ここでやっと英文学に触れる。「次週までに読んできてね」と言われ開いた『ベオウルフ』は古代英語でさっぱり分からなかった。『ベオウルフ』からシェイクスピアあたりまではこの授業で勉強した。

詩のリサイタルとか詩を書くとか、課題が独特な上にテストも厳しい。たぶんこの授業が一番きつかった。

シェイクスピア『十二夜』の映画は大変面白かった。


・日本文学史

高校生の時に先生の本を読み、それからずっと受けたいと思っていた授業。熱が入るとほとんど叫ぶような調子で、すごく熱い先生だった。ジブリの『かぐや姫の物語』が嫌いだと言っていて理由を知りたかったけれど、教えてもらえなかった……。

・ジェンダーと社会

社会にあるジェンダー格差、貧困についてルポルタージュを読む。少人数のクラスで毎回ディスカッションがあり、それがすごく面白かった。

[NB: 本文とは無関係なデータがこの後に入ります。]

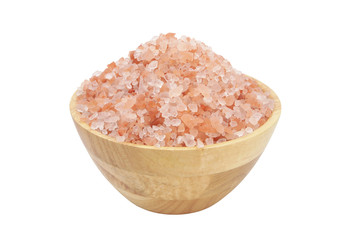 Fototapeta na wymiar Heap of himalayan rock salt in wooden bowl isolated on white background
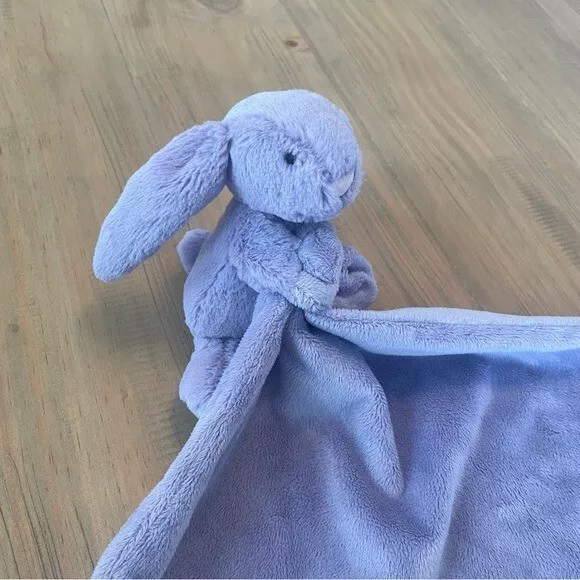 Jellycat Lovey Bashful Bunny Purple Security Blanket Infant Toy Soft Rare 2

*この授業のフィールドワークで初めてAVショップに行き、気分が悪くなった。好き嫌いは別にして、あんなにアクセスしやすくて良いんだろうかと思った。色々だめだろう……。

・IELTS

イギリスに留学するには、このIELTSという大変面倒なテストを受けなければならないため、その対策授業を取っていた。全然だめだったけど(自分のせい)。

~後半

・映画史

映画が好きなので意気込んで取ったけれど、つまらなかった……。教科書は性差別的なところもあり良くなかったし、習ったことを全然覚えていない。ベグデル・テストの話だけ印象的で、映画を観る時は女性同士の会話があるか気にするようになった(パスしない映画は意外と多い)。

観た映画では『お熱いのがお好き』が面白かった。

・ドイツ文学

これはもう、今までで一番つまらなかった。ひたすら先生の話を聞いているだけ。ドイツ文学も授業スタイルも自分に合わなかったのだと思う。何で取ったんだろう。

・近代日本文学

日本文学の英訳を読む授業で、受講者はほぼ留学生。この先生の授業をどうしても取りたかったので選んだが、英語のディスカッションが怖くて毎回胃がキリキリ。「I think...it is...umm」みたいな調子だったけれど単位は取れた。

*安部公房の『賭け』が一番面白かった。

・アメリカ文学

アメリカ詩の授業の先生が面白かったので引き続き。確か『デイジー・ミラー』を読んだ。


~さらに後半


・宗教

「地図の見方」の話から始まり、日本で発行されている世界地図は日本が中心だけれど、国が違えば見方が全く変わる!という話から始まり、大変面白かった。授業で観た映画『炎のランナー』は私の宗教に対する見方を変えました。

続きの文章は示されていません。